An MIT study has been making strides towards developing computational models that mimic the human auditory system, which could enhance the design of hearing aids, cochlear implants, and brain-machine interfaces. These computational models stem from advances in machine learning. The study found that internal representations generated by deep neural networks often mirror those within the human brain when exposed to identical sounds.
These models trained with background noise demonstrated a superior similarity to the activation patterns in the human auditory cortex. As Josh McDermott, the senior author of the study, puts it, “The study suggests that models that are derived from machine learning are a step in the right direction, and it gives us some clues as to what tends to make them better models of the brain.”
Deep neural networks are information-processing models that can be trained on vast amounts of data to perform specific tasks. The unique characteristic of these models is their ability to process tasks at a scale that was not previously attainable, sparking an interest in their potential to mirror brain processes.
Research towards this endeavor began in 2018 when McDermott and Alexander Kell reported similarities between their neural network’s internal representations and fMRI scans of individuals subjected to the same sounds. Now, researchers are evaluating an expanded panel of models to test whether this trait is a common feature of these models.
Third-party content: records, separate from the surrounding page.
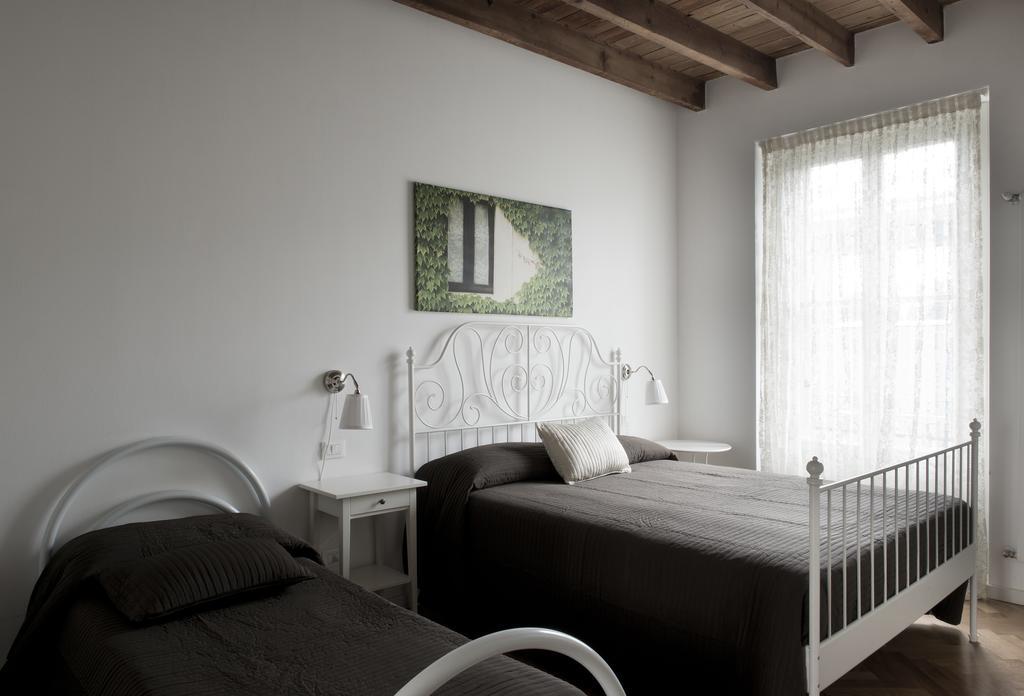 La Maison Del Capestrano Milaan Kamer foto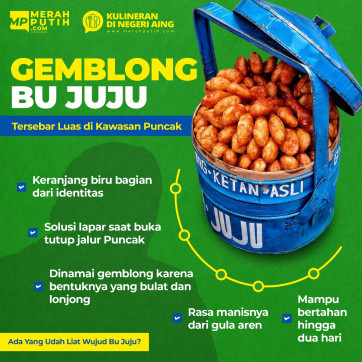 Gemblong Bu Juju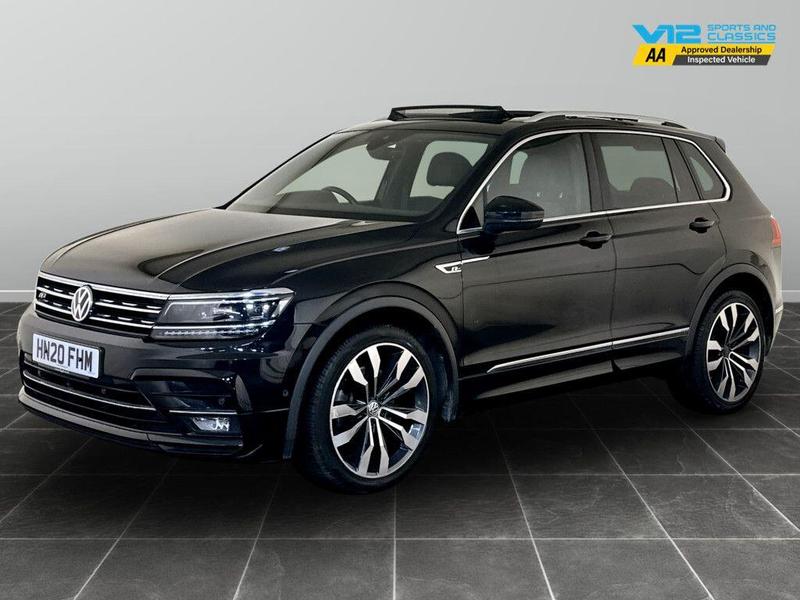 Used Volkswagen Tiguan 2020 for sale - 76162068: Photo 6
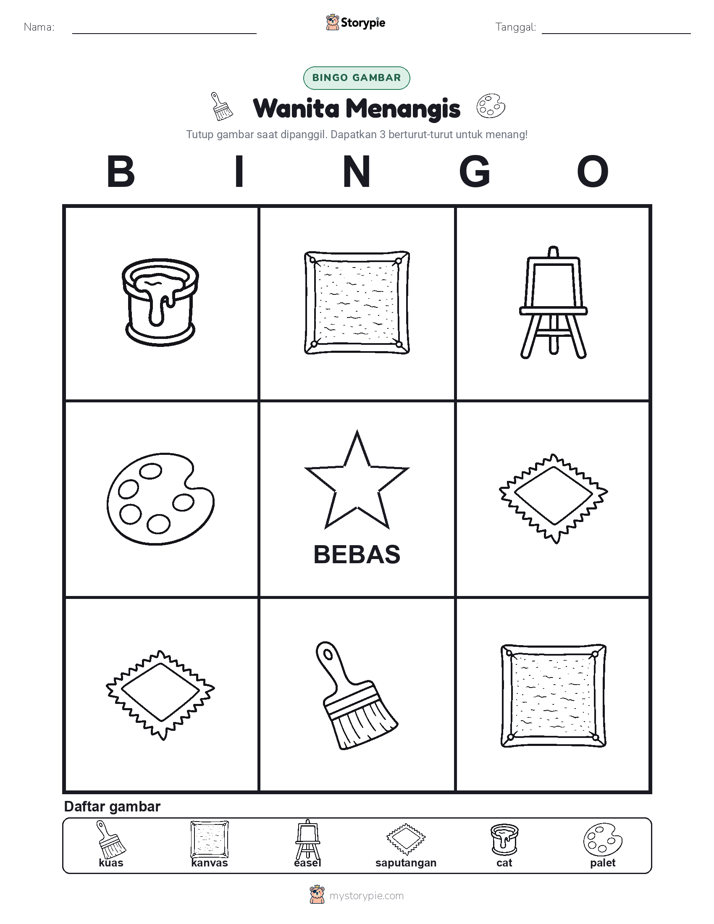 Bingo Gambar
The study involved the analysis of nine publicly available deep neural network models programmed for auditory tasks and the creation of an additional 14 models. Most of these models were generated for single tasks such as identifying the speaker, recognizing words, and identifying the genre of music, while two were multi-task models.
Upon introducing these models to natural sounds used in human fMRI experiments, the research team noted a resemblance between the models’ internal representations and those of the human brain. Models trained for a specific task demonstrated an enhanced capacity to replicate certain aspects of human audition. For example, models assigned a speech-related task closely resembled speech-selective areas.
The new research reinforces the concept that human auditory cortex demonstrates a hierarchical organization with distinct computational stages. The teams observed similarities between early stage model representations and primary auditory cortex, while later stages better reflected regions beyond the primary cortex.
McDermott’s team is presently leveraging these findings to build models that can more accurately replicate human brain responses. The ultimate goal is creating a computational model that can predict both brain responses and behavior. Success in this endeavor could unlock potential advances in the development of enhanced hearing aids, cochlear implants, and brain-machine interfaces.